Édito - Egypte, Tunisie: les islamistes n'ont pas droit à la démocratie

Des manifestations étaient attendues ce vendredi dans les rues du Caire.

Des manifestations étaient attendues ce vendredi dans les rues du Caire. - -

Les Frères musulmans, au pouvoir à la fois en Égypte et, sous le nom d'Ennahda, en Tunisie, forment un groupe tenace et organisé. Ils ont gagné des élections, et veulent façonner une Constitution avec aussi peu d'apport laïc que possible.

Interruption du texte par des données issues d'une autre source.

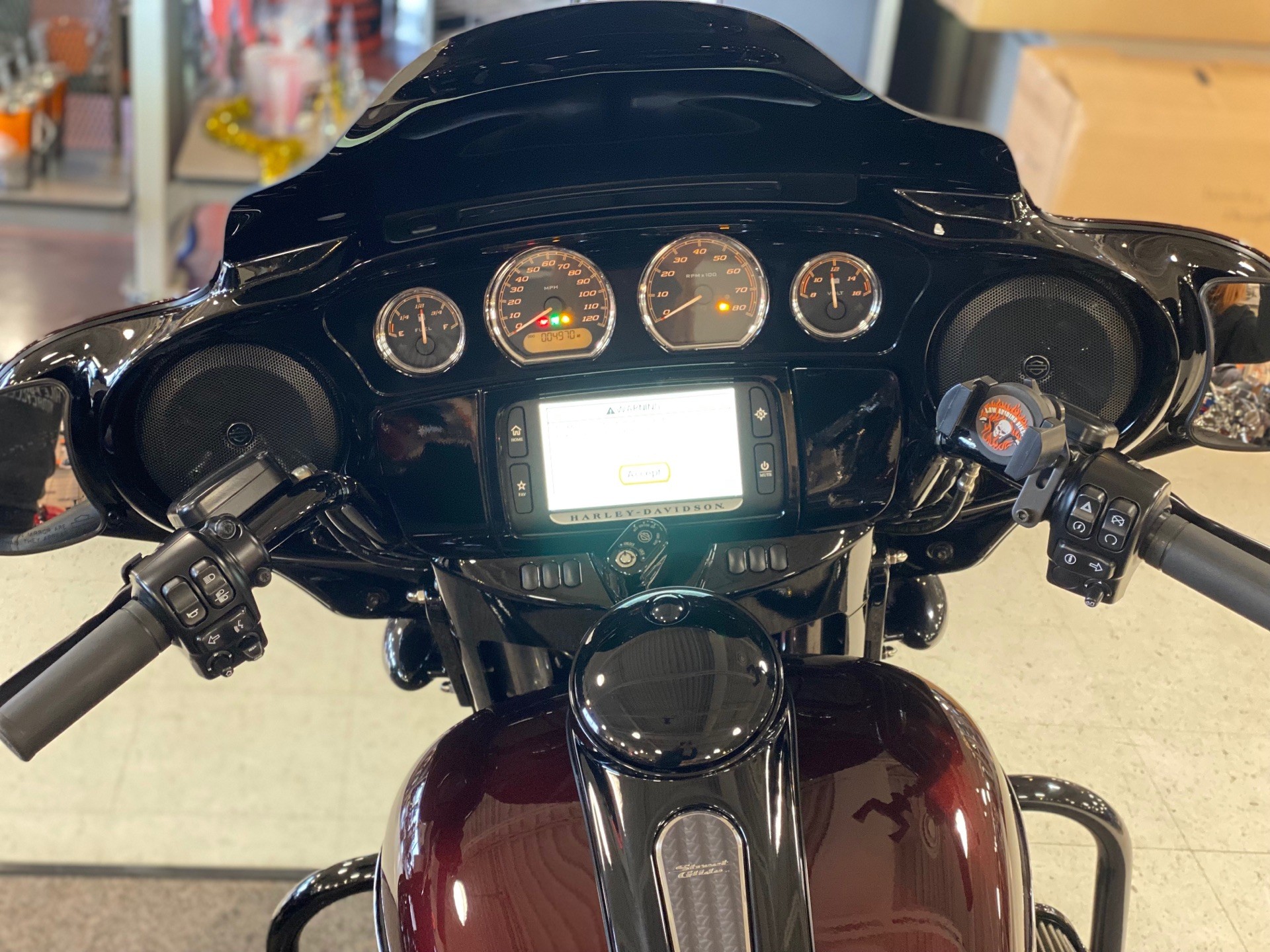 2018 Harley-Davidson Street Glide® Special in Cortland, Ohio - Photo 7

Non sans ruse, les Frères tentent donc d'utiliser leur majorité législative pour imposer leur vision confessionnelle et anti-occidentale de la Constitution. Ils usent de tous les artifices pour voter leur texte, bourré de phrases ambigües qu'ils sauront un jour interpréter, sur la "sacralité de l'Islam", ou le rôle de l'État pour protéger les religions (10 % des Égyptiens sont chrétiens).

Les anti-islamistes - appelons-les laïcs - ont peur que les Frères se confectionnent une Constitution, puis obtiennent ensuite une nouvelle victoire électorale qui leur permettra de verrouiller le nouveau système à tout jamais. Le principe des Frères: "arriver au pouvoir par tout moyen, et ne jamais le lâcher." Cela fait peur, et fait hurler une moitié dans chacun des pays.

Les islamistes, eux, craignent de perdre les prochaines élections pour cause d'incurie - après tout il faut administrer ces deux pays en crise et dénués de touristes alors que les élus finassent sur la Constitution. Les islamistes ne savent pas bien gouverner, tout le monde l'a compris. Ils craignent donc de retourner aux urnes, et de perdre leur Constitution! Donc ils temporisent.

La crise est inévitable

En Égypte, l'armée a estimé que l'heure était venue de débloquer la situation, et tant pis pour les formes démocratiques: destitution du gouvernement des Frères. L'ennui, c'est que le monde extérieur n'est pas friand de coups.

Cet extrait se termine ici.